Paula Kraft, founder and President of Atlanta, GA-based Tastefully Yours Catering.

Eliminating Catering Stress

oes planning a catering request cause you to totally stress out? When something causes us stress, we naturally put it on a back burner and save it to last, right?

When you are responsible for ordering catering, what exactly causes the stress for you? Is it not knowing details of the order, the uncertainty of what might change, having to make that decision yourself and guessing as to the likes and dislikes of the passengers and crew, or the costs associated with it? Are you pulled into so many directions and are forced to prioritize tasks and this falls to the bottom of the list?

I can think of dozens of reasons to hold off and put the catering fulfillment task to the bottom of the list, but that will only increase your stress level. I am by no means a psychologist, I can’t council you except as a caterer who has spent well over 30 years taking catering orders, teaching aviation professionals in all fields how to place a catering order and working through hundreds upon hundreds of stressed out individuals who were responsible for the catering requests.

Catering is the ultimate make it or break it for the perfect flight. I have heard repeatedly from pilots, schedulers and third crew members that the pilot can bounce the passengers down the runway, experience turbulence, have departure and landing delays - and all is forgiven if the catering is wonderful. But a bad catering experience will overpower the perfect landing, perfect weather, perfect crew, perfect flight and turn it into the worst nightmare flight ever experienced by the passengers. No wonder there is a lot of stress associated with catering requests and getting them right!

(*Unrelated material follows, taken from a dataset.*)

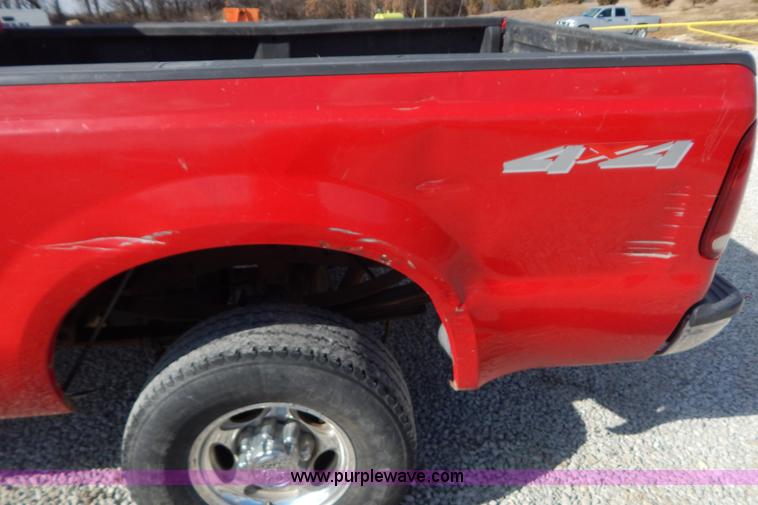 image for item I1105 1999 Ford F350 Super Duty pickup truck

I am here to the rescue! I want to share with you some of the tricks I have learned and shared over the years on eliminating the catering stress for your flight.

Make a Plan

The biggest - the number one thing to do - Make a Plan… this is key! The catering plan has a lot of moving parts and you have to be on top of your game to plug in all the parts in the right places to create the perfect catering experience. Here are a few pointers to help.

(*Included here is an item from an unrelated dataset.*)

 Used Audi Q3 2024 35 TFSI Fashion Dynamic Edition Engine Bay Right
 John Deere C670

Be realistic about what you can prepare. If you have a short flight, no matter what your passengers want you can’t serve a 6-8 course meal to 15 people in 45m minutes. Even under the best of circumstances, this is a challenge. On board an aircraft it is even more difficult and short of throwing the food down on the table on your way down the isle and picking it up on your return back just as your passengers are taking their first bite, you risk destroying the food service experience. Keep it simple. If your passengers expect a show stopper style of meal presentation, then plan meals accordingly by having the first course pre-plated and ready to serve immediately, then plate the next course from a preplanned “kit” . . . all the pieces packed bulk by type, sauces in squeezie bottles or simply but elegantly to be placed quickly on the plate.

Try to limit plating to 5 steps or hand moves: #1.sauce down; #2. protein down; #3. vegetable down; #4 second element down; #5 final garnish down. This is part of your Plan.

Create a budget, if there is one, before planning your menu. The sky’s the limit with an unlimited budget, but if a caviar course is on the wish list, the budget must allow for it. Sure, I can get cheap caviar for you, but it is not something I would want to put in front of my guests and then face their complaints as to why this “stuff” tastes like “#*%!!“.

If the budget is limited and a caviar service is not in the budget, then the caviar can be a garnish on a canapé, or other dish rather than a course all to its own. There is a very big difference in price by varying the way it is served, thus making caviar fit into a box lunch budget.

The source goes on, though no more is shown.